The thing to do it look at several and find one that suits you: they contain roughly the same material



You don't need me to tell you that there is a large amount of material out there on the Web?

Wikipedia is fairly accurate in this area: but, as usual with Wikipedia, you should check with other sources

There is a Unit Moodle page, but as Moodle is so horrible I tend to use my own Web page:

http://people.bath.ac.uk/masrjb/CourseNotes/cm30225.html

Remember:

You are expected to do some work outside of lectures

Lectures are the *start* of the learning process, not the end!

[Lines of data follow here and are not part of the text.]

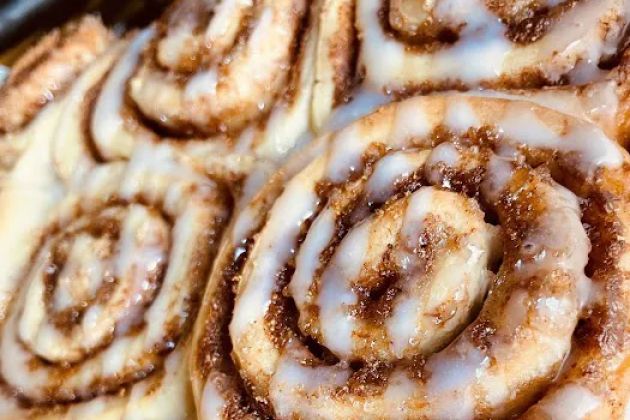 Chef Dominique’s (Home) Bakeshop - NJ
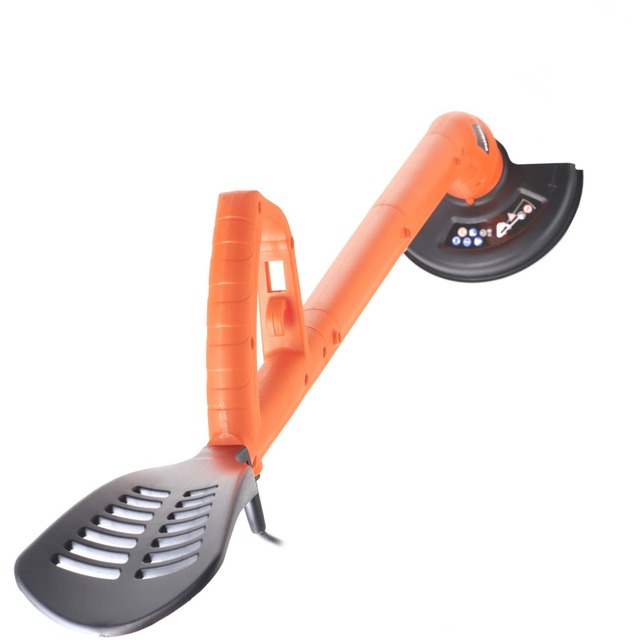 Триммер электрический Patriot PT 320 (Цвет: Orange) Триммер электрический Patriot PT 320 (Цвет: Orange)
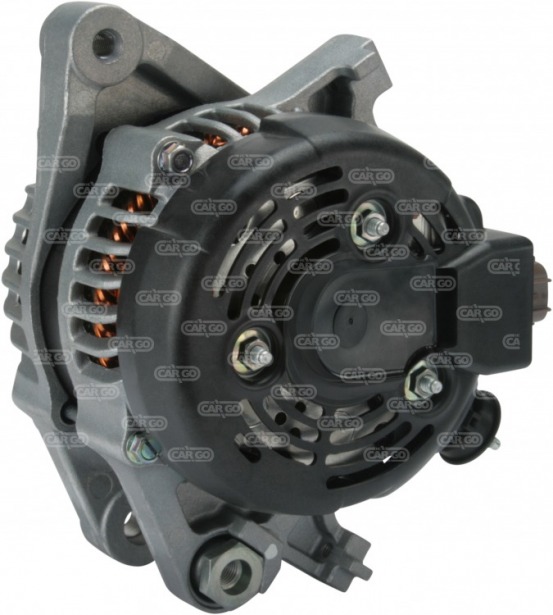 Alternator HC Cargo 114897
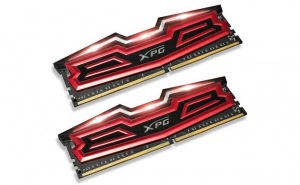 Obrzok ADATA XPG Dazzle DDR4 2x8GB 3000MHz - AX4U3000W8G16-DRD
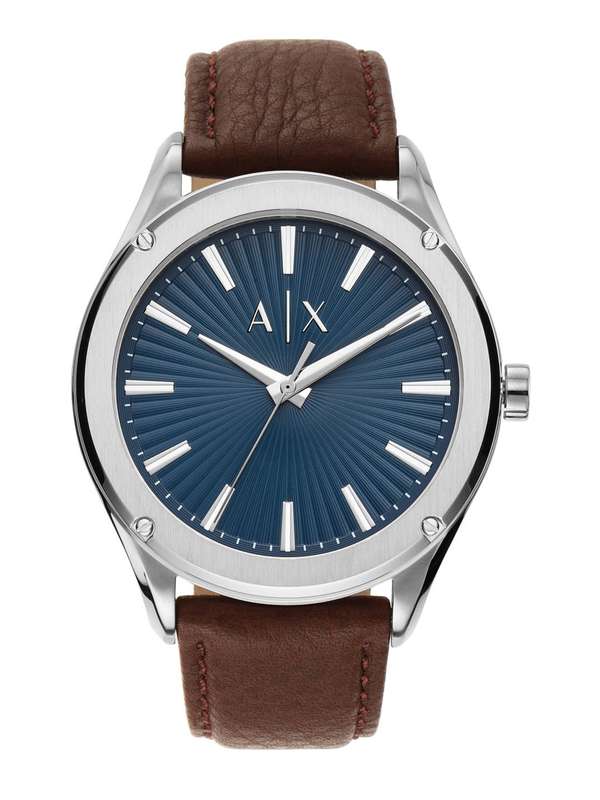 Armani exchange watches myntra clearance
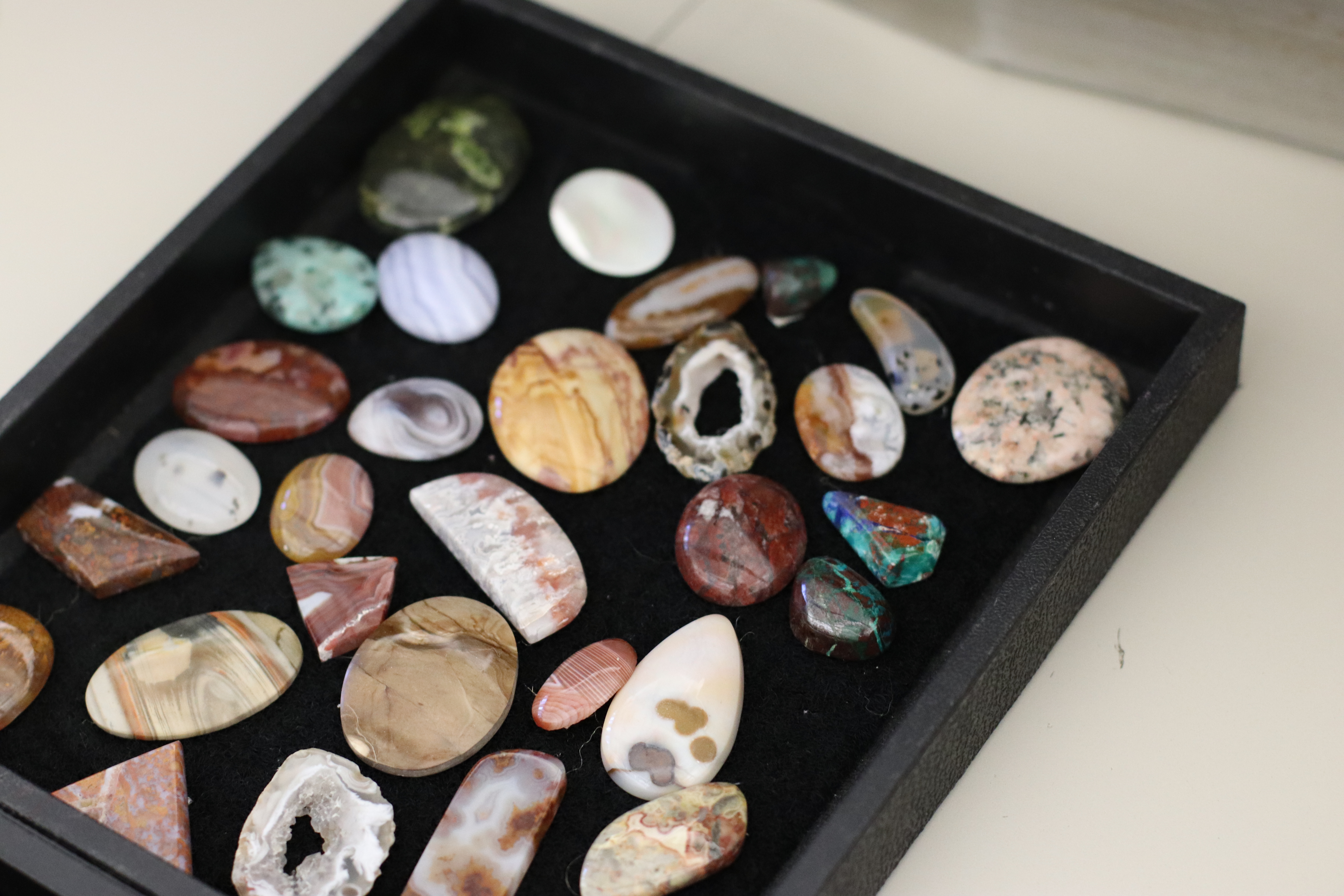 Beginning lapidary sale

These slides are reminders to me on what to say in lectures

They are often abbreviated in style, and so are not the whole story and would not be suitable to be quoted verbatim in an exam

Don't try to copy everything down from the slides in lectures—the slides will be available after each lecture

Instead, make a note of what is important and use that later—in conjunction with the slides—to guide your further reading and study

Do not rely purely on my notes for your revision

People who do this live to regret it

Like every Unit, you are expected to read around the subject for yourself

You need to take your own notes, read, and participate

You don't expect to get fit simply by paying to joining a gym...

"If you have college courses in CS, buy the books and spend day and night the few days before class going through the books and taking notes and answering questions and programming examples before the first class even starts. If you really want to do this in your life, that's what you should do, not just wait for the education to be handed you. Those who finish at the top will always be in high demand. You can learn outside of school too but you have to put a lot of time into it. It doesn't come easily. Small steps, each improving on the other, is what to expect, not instant understanding and expertise."

Steve Wozniak, co-founder of Apple

Computer Science is not a spectator sport

Anon

## Background

You have a problem you wish to solve faster. What do you do?

1. You think hard and devise a better solution

Clearly this is a stupid thing to do. Programmers are much too lazy to do this

2. You get a faster processor

Better. This used to work, but not any more: processors have pretty much levelled off at around the 3-5GHz mark and don't seem to be getting faster



3. You get a multicore machine and run the problem in parallel

This *must* be the solution!

Isn't it?

One purpose of this Unit is to make you realise this is actually the *hardest* way of doing it!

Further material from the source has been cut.